■ **What is needed**:
All lines below starting at the one that holds "抢占东南亚 · 破局靠当下-Shopee商家破局增长闭门私享会" and ending at the one that holds "繼母的朋友們第57話-任何事都無法阻擋彼此的心" should be printed exactly, ends included. Pictures should not be printed, nor anything else.

--- Material for the task Enclosed Below ---

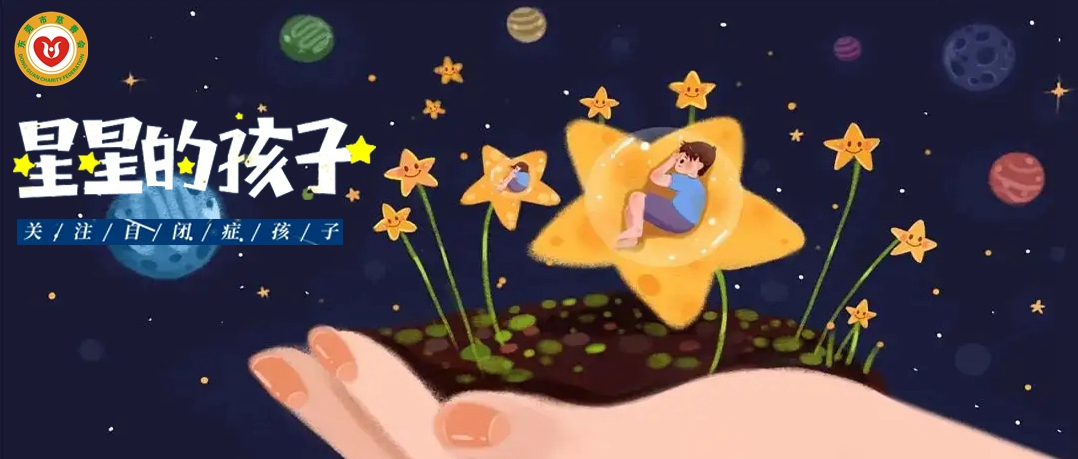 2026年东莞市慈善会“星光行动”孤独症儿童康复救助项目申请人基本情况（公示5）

--- End of Enclosed Material for the task ---
--- Material for the task Enclosed Below ---

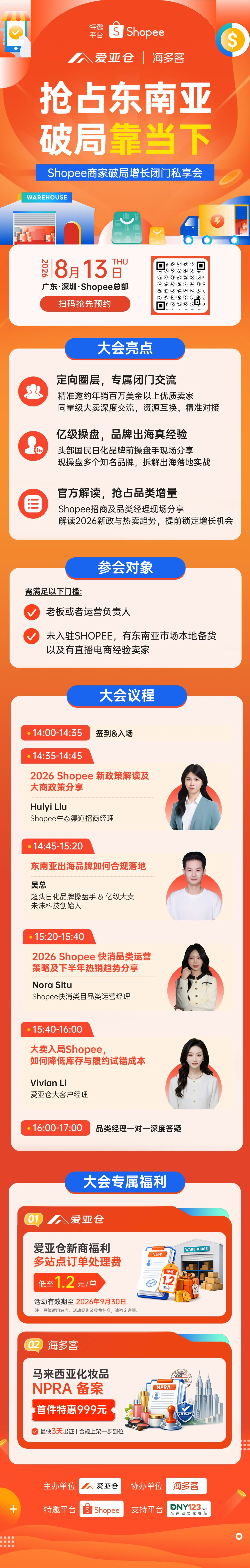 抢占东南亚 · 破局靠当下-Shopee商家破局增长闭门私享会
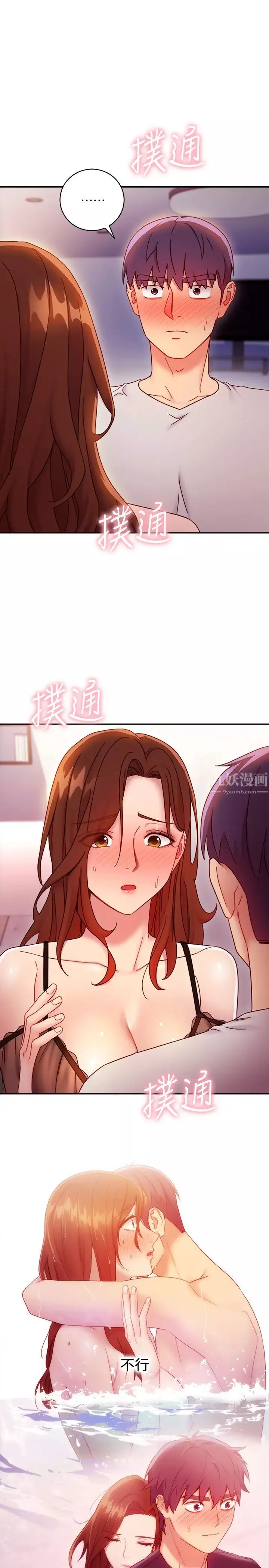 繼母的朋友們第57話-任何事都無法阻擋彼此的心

--- End of Enclosed Material for the task ---

■ **Solution to this task**:
 抢占东南亚 · 破局靠当下-Shopee商家破局增长闭门私享会
 繼母的朋友們第57話-任何事都無法阻擋彼此的心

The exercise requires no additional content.